[Click] Spinlock Problems

Sun Aug 24 12:02:13 EDT 2008

I think that there, strictly speaking, "foo" WOULD need to be declared 
volatile.  But I think you are right anyway.  swap() and compare_and_swap() 
gain "memory" constraints.

Eddie

Cliff Frey wrote:
> I really actually think that the "memory" is necessary... or some other 
> related thing... otherwise code like
> 
> int foo;
> void myfunc() {
> lock()
> foo++;
> unlock()
> lock()
> foo++;
> unlock()
> }
> 
> ends up being totally broken... and I believe that there is nothing 
> wrong with that code... or do you think that foo needs to be declared 
> volatile?  But that has its own downsides...
> 
> 
> here is my real example code...  no.. there is no good reason for the 
> switch to c++
> 
> static inline int the_func(int x, int* foo) {
>     asm volatile ("xchgl %0,%1"
>                   : "=r" (x), "=m" (foo)
>                   : "0" (x), "m" (foo));
>     return x;
> }
> 
> class Aoeu {
> int foo;
>   //volatile int 
> bar;                                                          
>   Aoeu();
> };
> 
> Aoeu::Aoeu() {
>     the_func(2, &lock);
>     foo++;
>     the_func(2, &lock);
> 
>     the_func(2, &lock);
>     foo++;
>     the_func(2, &lock);
> }
> 
> On Sat, Aug 23, 2008 at 7:50 AM, Eddie Kohler <kohler at cs.ucla.edu 
> <mailto:kohler at cs.ucla.edu>> wrote:
> 
>     Yeah!  I have two contrasting thoughts;  1) swap() should do exactly
>     what it says and nothing more, one builds robustness from correctly
>     and simply specified parts, and  2) you're right, "memory" is
>     strictly better.  Grr. I'll keep this in my inbox.
> 
>     Eddie
> 
> 
>     Cliff Frey wrote:
> 
>         I wonder if the extra "memory" constraint gives you a free
>         memory-barrier in some ways?  As in, it forces gcc not to
>         reorder anything... but I guess maybe the volatile should do
>         that for you... but in general I guess the memory might protect
>         you from bad code.
> 
>         example:
> 
>         static inline int the_func(int x, int* foo) {
>            asm volatile ("xchgl %0,%1"
>                          : "=r" (x), "=m" (foo)
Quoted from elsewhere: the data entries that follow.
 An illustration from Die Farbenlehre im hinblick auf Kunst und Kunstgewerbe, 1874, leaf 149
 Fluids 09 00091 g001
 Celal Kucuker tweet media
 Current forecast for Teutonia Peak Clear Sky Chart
>                          : "0" (x), "m" (foo));
>            return x;
>         }
> 
>         int foo = 1;
>         int lock = 1;
>         volatile int bar = 0;
>         void main() {
>            if (foo > 100)
>                bar++;
>            the_func(2, &lock);
>            foo++;
>         }
> 
> 
>         if you compile with gcc -O3, the value of foo is cached (and if
>         the_func was a lock acquire, it would not have protected you).
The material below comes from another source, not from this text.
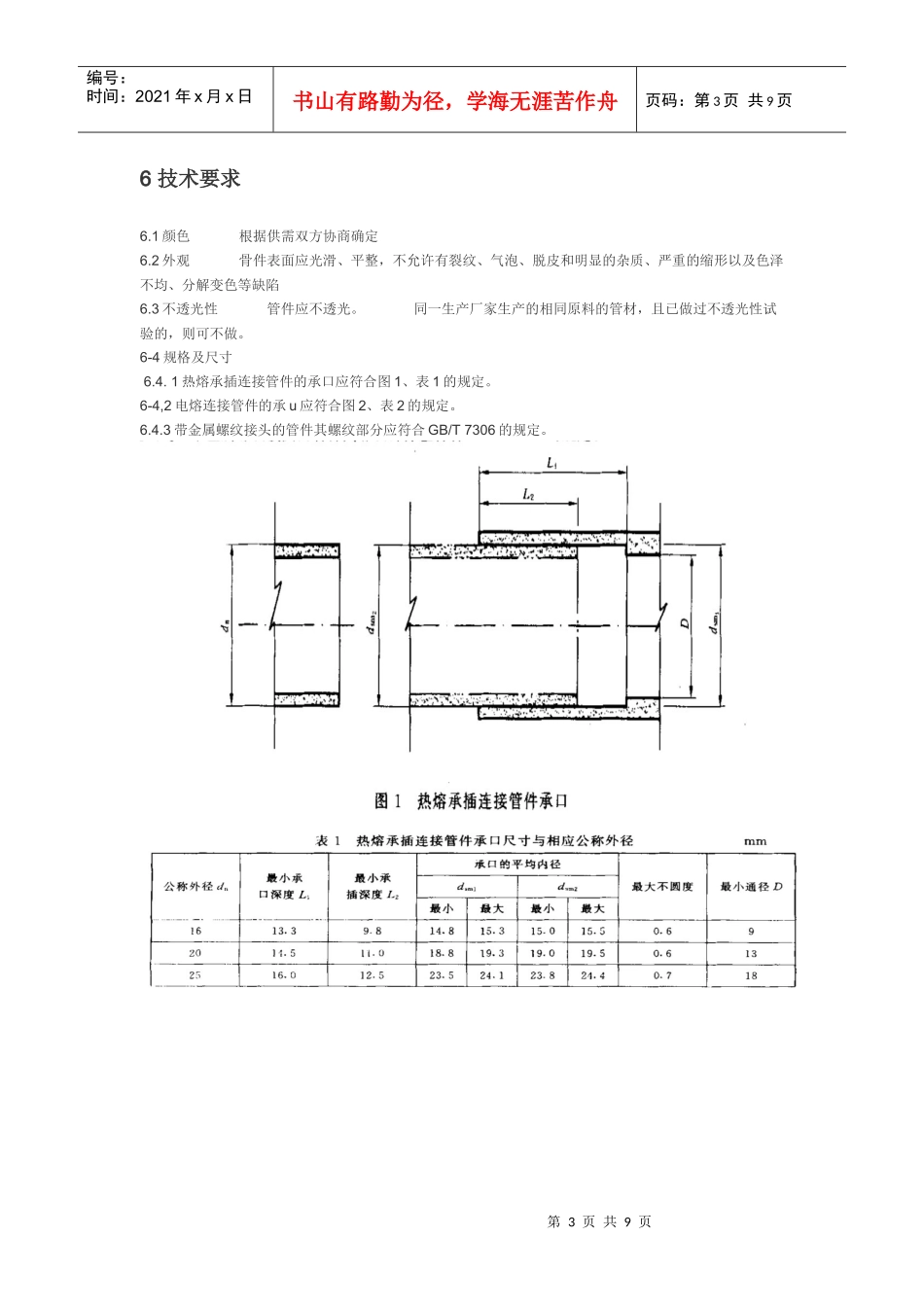 PPR管件生产标准-塑料行业PPR管十大品牌-索邦管业_第3页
>          If you add the "memory" constraint, then it does re-read foo as
>         part of the increment.
> 
>         In any case, I can still see making the call either way... but
>         the "memory" one does seem slightly safer to me.
> 
>         Cliff
> 
>         On Fri, Aug 22, 2008 at 11:29 PM, Eddie Kohler
>         <kohler at cs.ucla.edu <mailto:kohler at cs.ucla.edu>
>         <mailto:kohler at cs.ucla.edu <mailto:kohler at cs.ucla.edu>>> wrote:
> 
>            Kevin,
> 
>            Thanks so much for this bug report!!  Apologies, this must have
>            sucked to find.
> 
> 
>            - Re: swap() is not atomic: It looks like the inline assembly was
>            bad.  Mea
>            culpa.  I had:
>                asm volatile ("xchgl %0,%1"
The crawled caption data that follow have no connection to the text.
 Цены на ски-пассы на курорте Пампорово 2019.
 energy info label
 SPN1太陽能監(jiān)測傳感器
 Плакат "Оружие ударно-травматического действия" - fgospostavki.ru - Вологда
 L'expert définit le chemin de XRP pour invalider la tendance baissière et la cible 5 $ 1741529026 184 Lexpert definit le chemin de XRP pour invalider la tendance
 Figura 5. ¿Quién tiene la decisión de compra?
>                             : "=r" (x), "=m" (CLICK_ATOMIC_VAL));
>            But this doesn't tell the compiler to put "x" in the relevant
>            register BEFORE
>            the instruction.   Here's what I have now:
>                asm volatile ("xchgl %0,%1"
>                             : "=r" (x), "=m" (CLICK_ATOMIC_VAL)
>                             : "0" (x), "m" (CLICK_ATOMIC_VAL));
>            Linux goes even further; it says:
>                                   __asm__ __volatile__("xchgl %0,%1"
>                                           :"=r" (x)
>                                           :"m" (*__xg(ptr)), "0" (x)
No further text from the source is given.